Description of the task:
Pictures aside, write every record out again word for word.

Provided records:
* * *
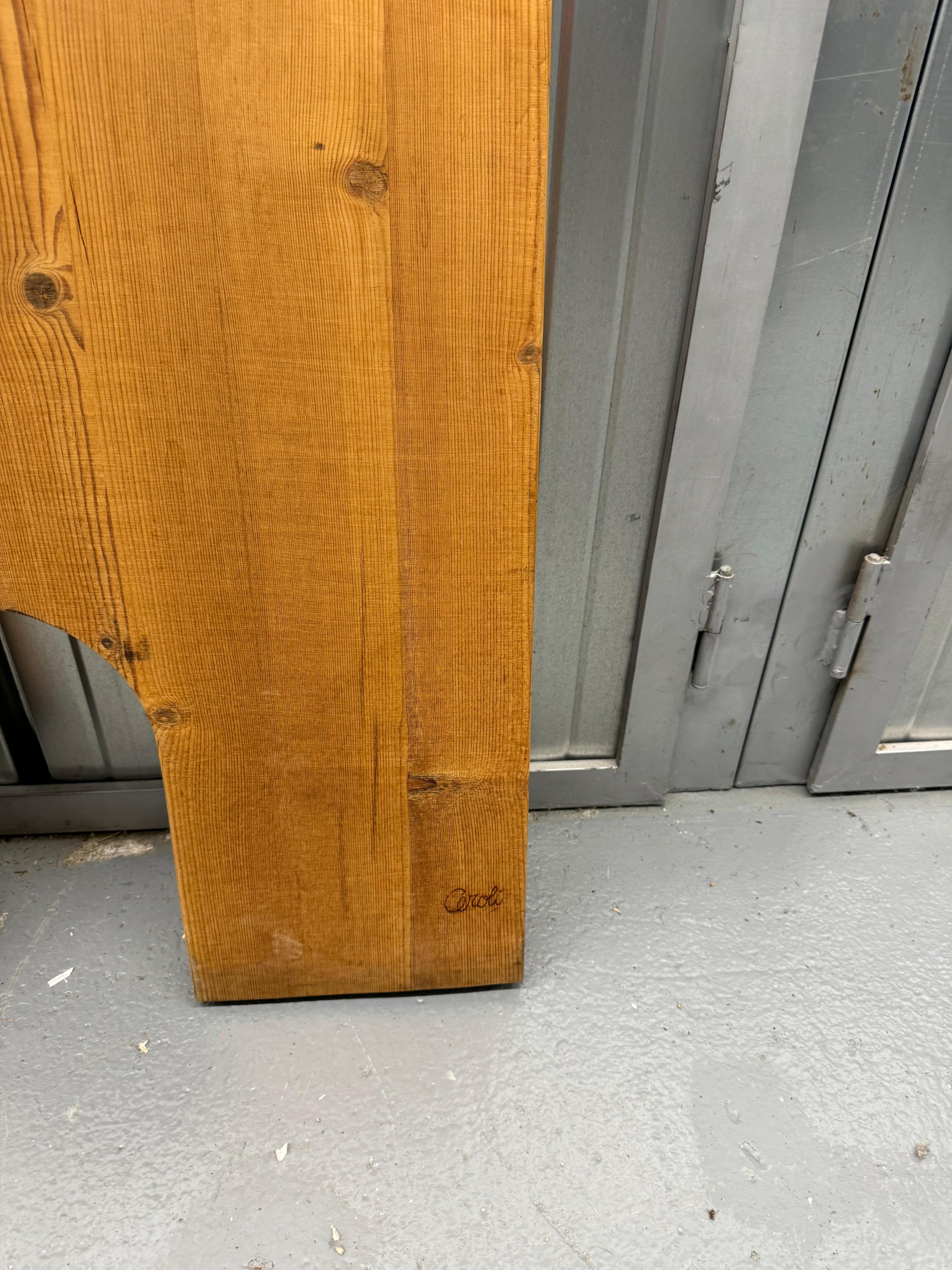 Wood Table by Mario Ceroli Serie Mobili Nella Valle production Poltronova For Sale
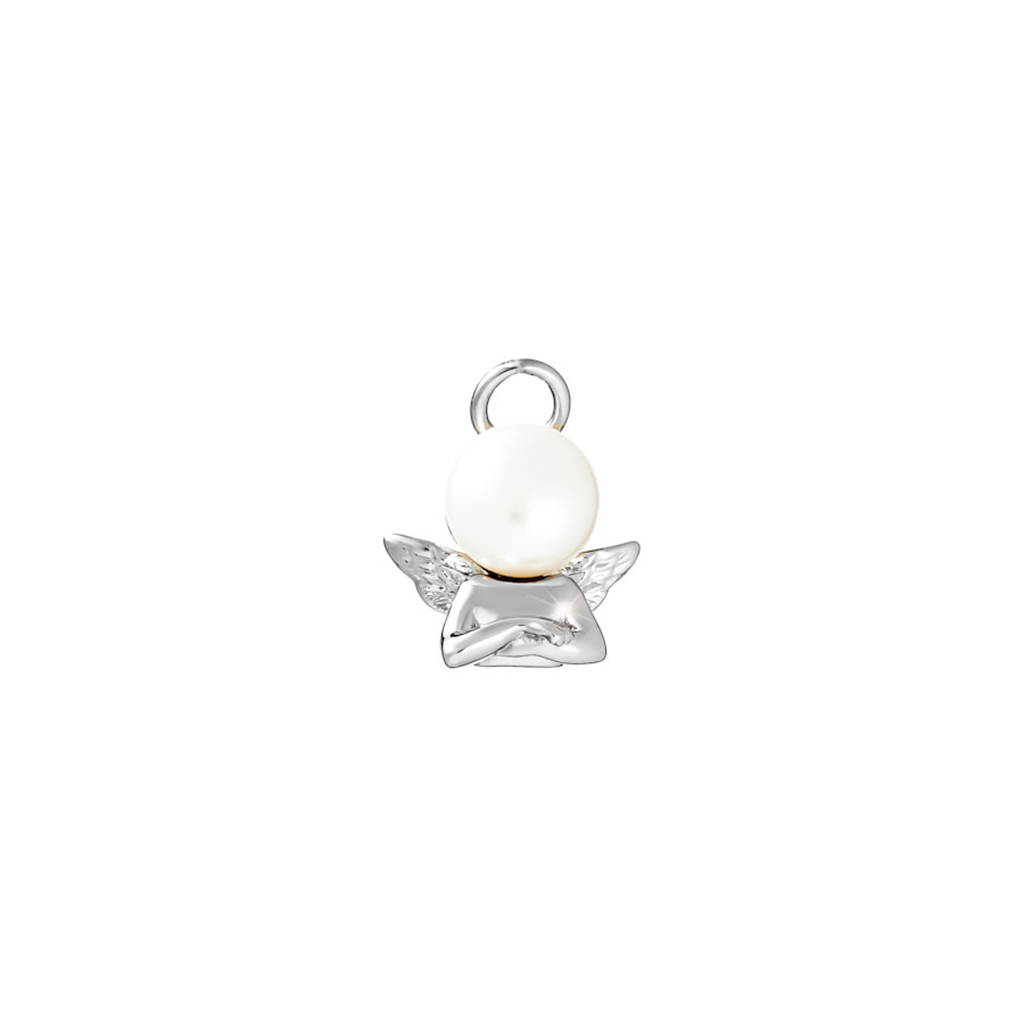 Подвеска Ангел из серебра с жемчугом концевик подвеска жемчуг сердце 1 7 1 4 0 7см набор10шт белый в золоте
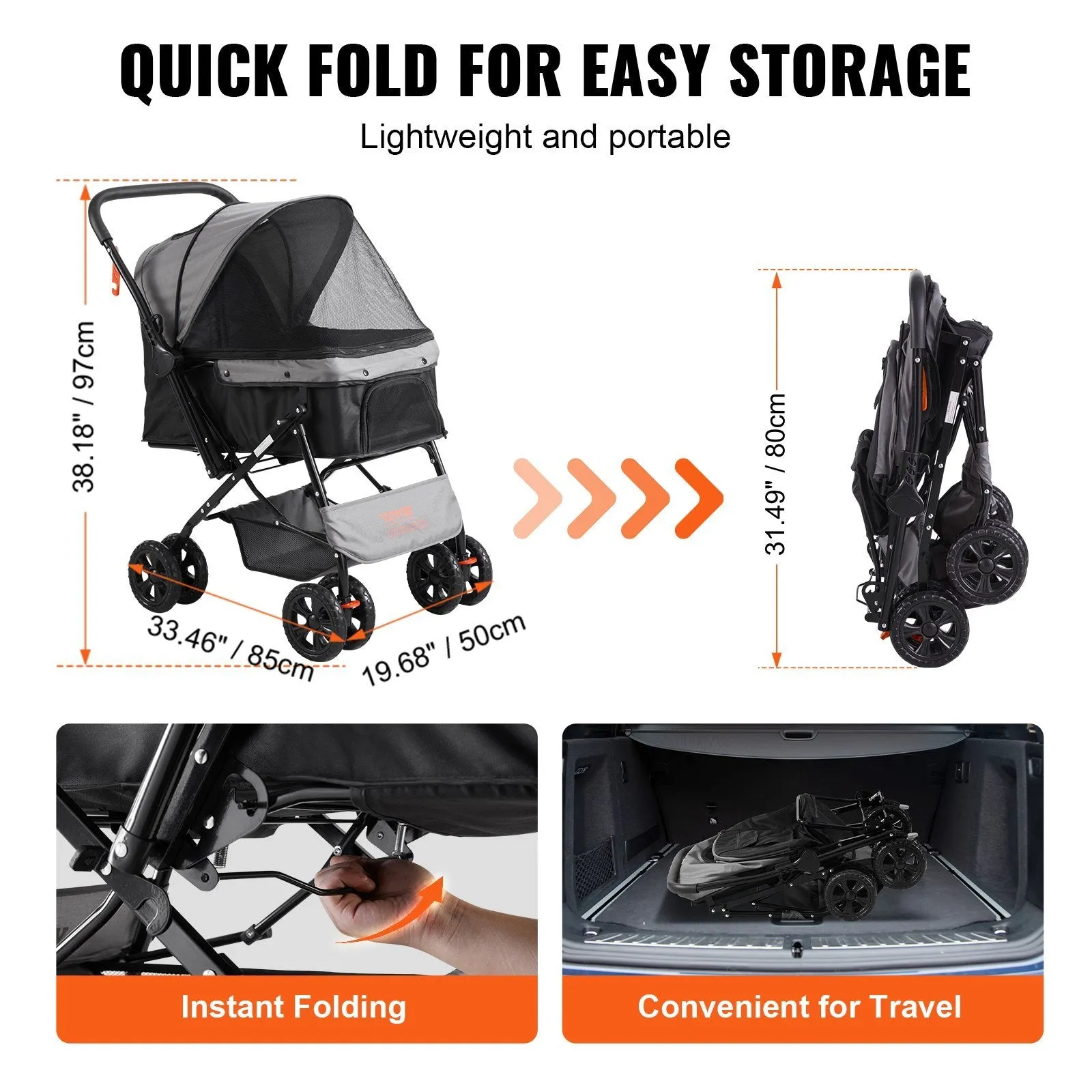 VEVOR Pet Stroller, 4 Wheels Dog Stroller Rotate with Brakes, 44lbs Weight Capacity, Puppy Stroller with Reversible Handlebar, Storage Basket and Zipper, for Dogs and Cats Travel, Black Grey
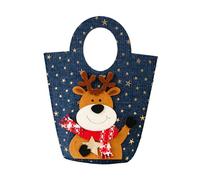 Bolsa de tela lavable de gran capacidad para regalos, decoraciones y accesorios, bolsa de mezclilla de Navidad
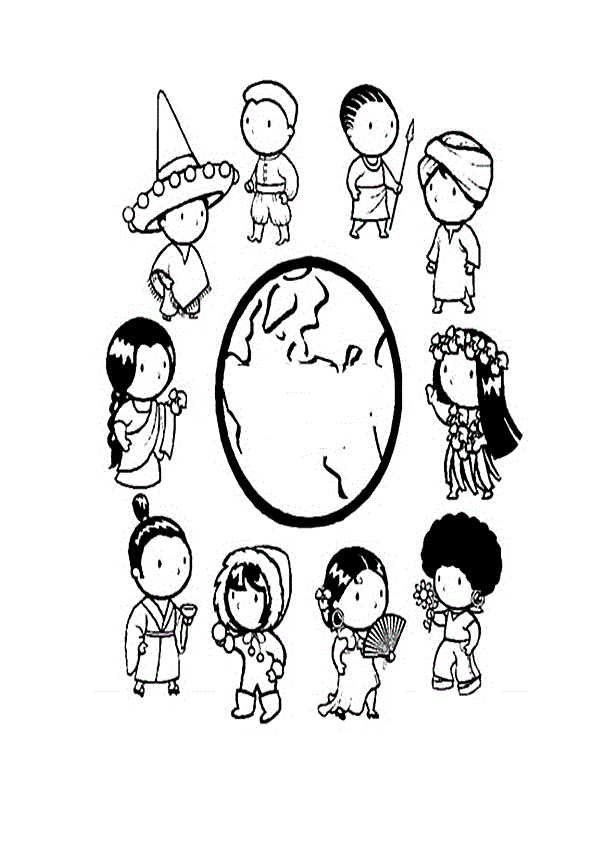 Dibujo de Niños en Todo el Mundo para Colorear - COLOREA TUS DIBUJOS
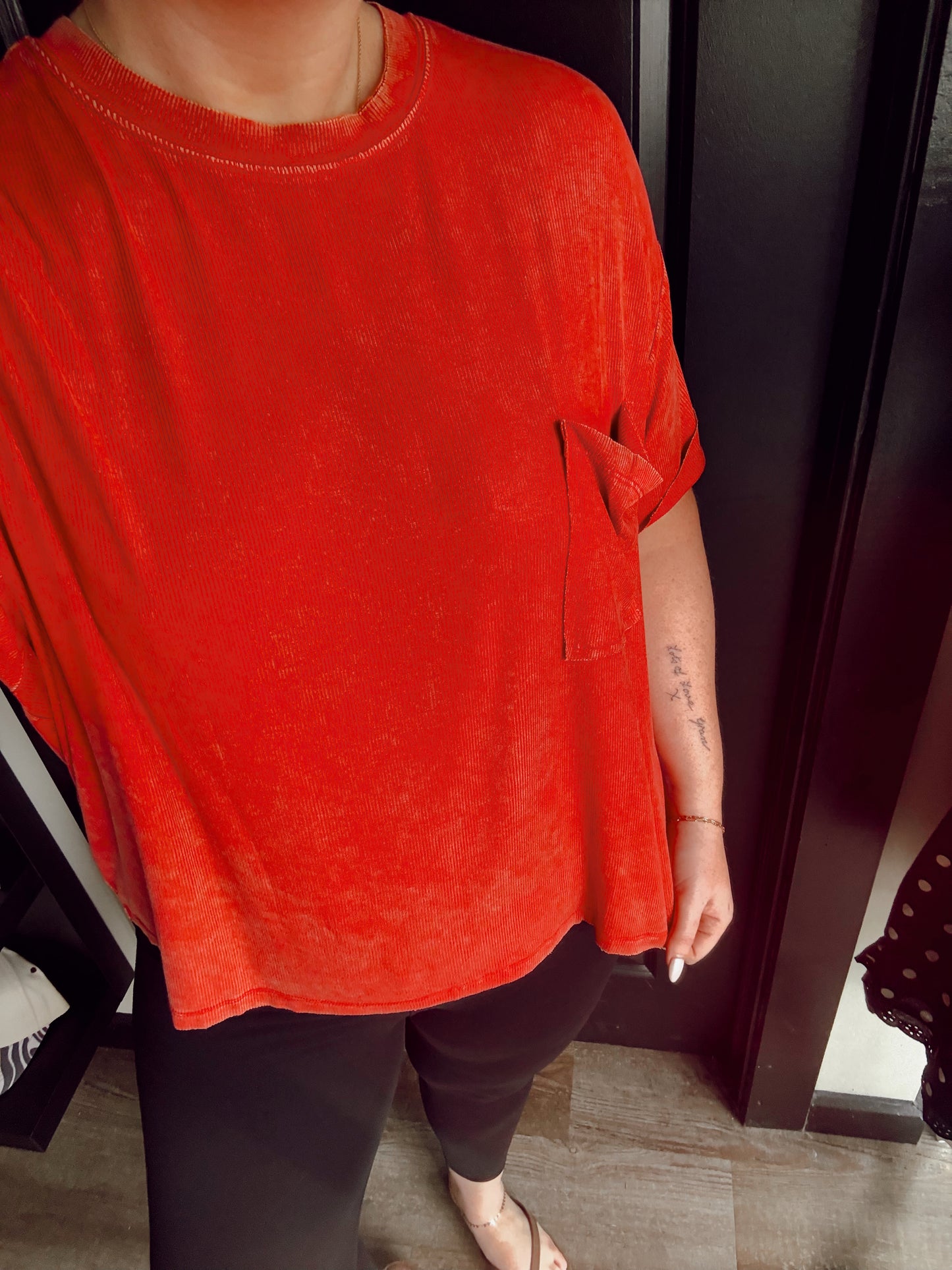 Ruby Red Oversized Ribbed Tee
* * *
Reply:
 Wood Table by Mario Ceroli Serie Mobili Nella Valle production Poltronova For Sale
 Подвеска Ангел из серебра с жемчугом концевик подвеска жемчуг сердце 1 7 1 4 0 7см набор10шт белый в золоте
 VEVOR Pet Stroller, 4 Wheels Dog Stroller Rotate with Brakes, 44lbs Weight Capacity, Puppy Stroller with Reversible Handlebar, Storage Basket and Zipper, for Dogs and Cats Travel, Black Grey
 Bolsa de tela lavable de gran capacidad para regalos, decoraciones y accesorios, bolsa de mezclilla de Navidad
 Dibujo de Niños en Todo el Mundo para Colorear - COLOREA TUS DIBUJOS
 Ruby Red Oversized Ribbed Tee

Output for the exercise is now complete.